Compare character with multiple characters in C

Question

How can i compare a character in C with other characters without using an 'if' with tons of '||'? For example let's say I have a character named 'i' that I want to compare with 8 other characters that have no connection between them whatsoever, and if 'i' equals to at least one of those 8 characters then the expression is true. Something like this:

if(i == c1 || i == c2 || i == c2 ........){ /* do stuff */}

But on a big application these comparisons are a lot, not just 3 or 8. Is there a smart and fast way to achieve something like this and not end up with ugly looking code? Thank you in advance.

Answer 1

Assuming your 'c1', ... are just a single char constants, you can use:

if ( strchr("12345", ch) != NULL )
    ...

("12345" are c1, c2, ...)

strchr() will, however, also match the implcit trailing NUL terminator ('\0'). If that is a problem, you can compare this value explicitly. As the input string is searched from start, you might want to have the more propable values at the beginning.

Note that strchr does return a pointer to the matching char; just if you need that.

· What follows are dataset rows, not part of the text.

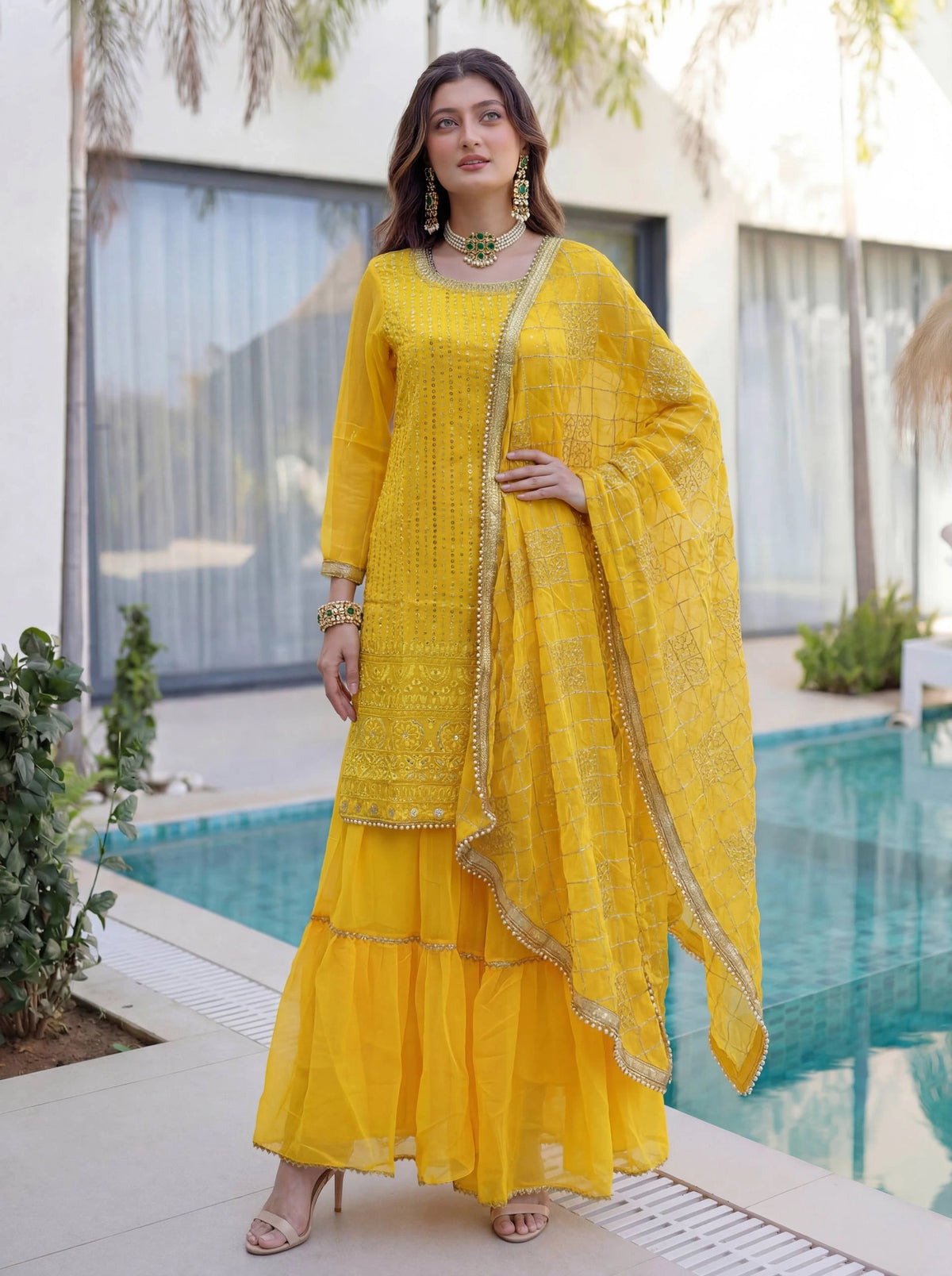 Woman in a yellow traditional outfit standing by a poolside.
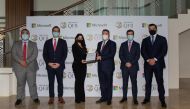 Lana Khalaf, Country Manager, Microsoft Qatar and Ayman Zaidan, Deputy Chief Executive Officer & Chief Investment Officer, QFB with other officials during exchange of agreements between Microsoft and QFB on mobile application. 
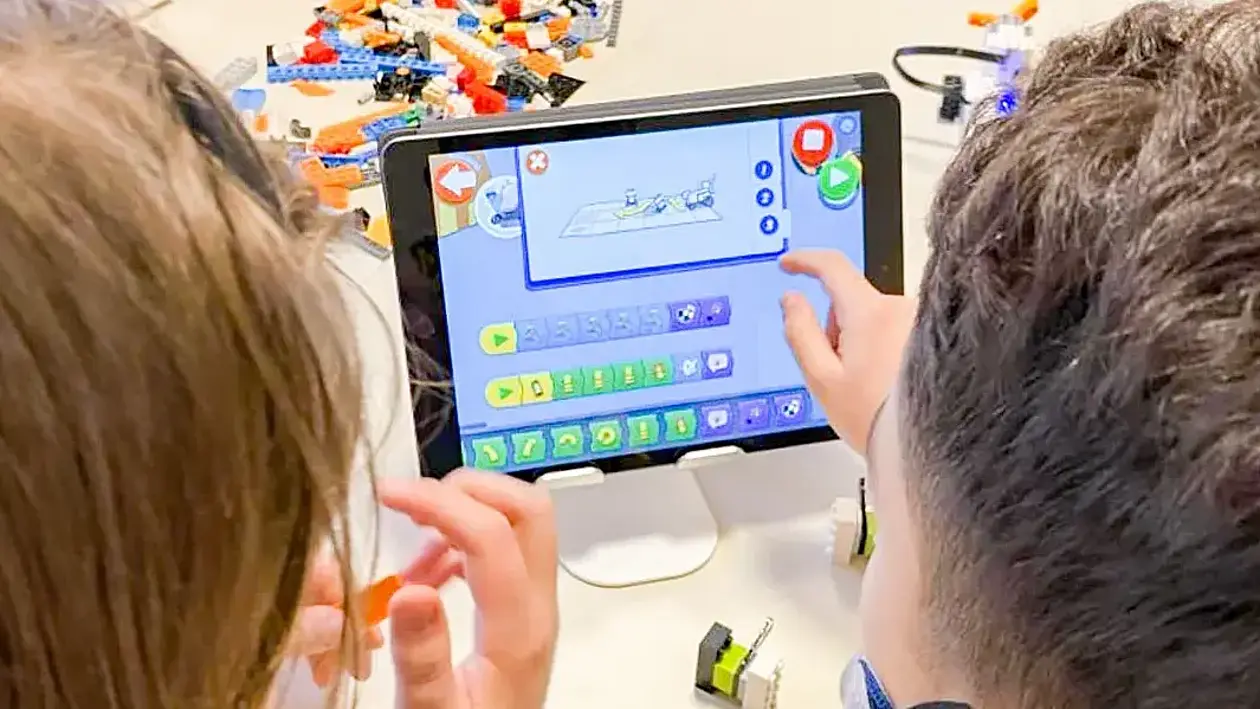 Several children are sitting at a table, working with LEGO bricks and a tablet. There are numerous building pieces on the table, as well as a partially assembled model. A graphical programming interface for a LEGO robot is displayed on the tablet.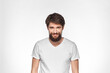 © SHOTPRIME STUDIO - Bearded man in white t-shirt gesture with hands emotions light background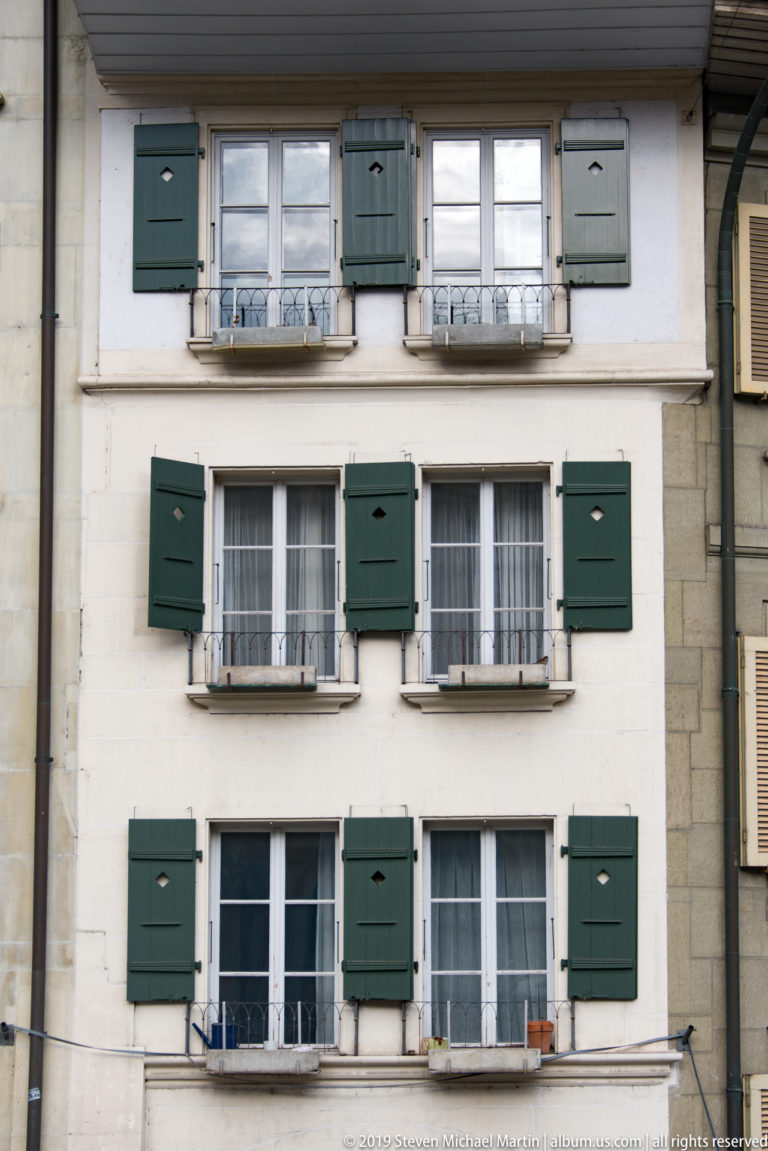 Pale historic facade with three rows of white windows, dark green shutters, and small wrought-iron guards.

If you can group the values, e.g. "letters", "digits", etc., have a look at ctype.h.

If the values are variables, you can either copy them into an array of char before the compare (do not forget about the trminator!) or hold them in the array anyway: array[0] is c1, ... .

If all this is not possible, you are likely busted with strcpy. You could use this:

// assuming there are always the same variables used.
static const char * const ca[] = { &c1, &c2, ... };

char val;

for ( size_t i = 0 ; i < sizeof(ca) / sizeof(ca[0]) ; i++ ) {
    if ( *ca[i] == val ) {
        // match!
    }
}

You could pack that into a function with some decoration here and there.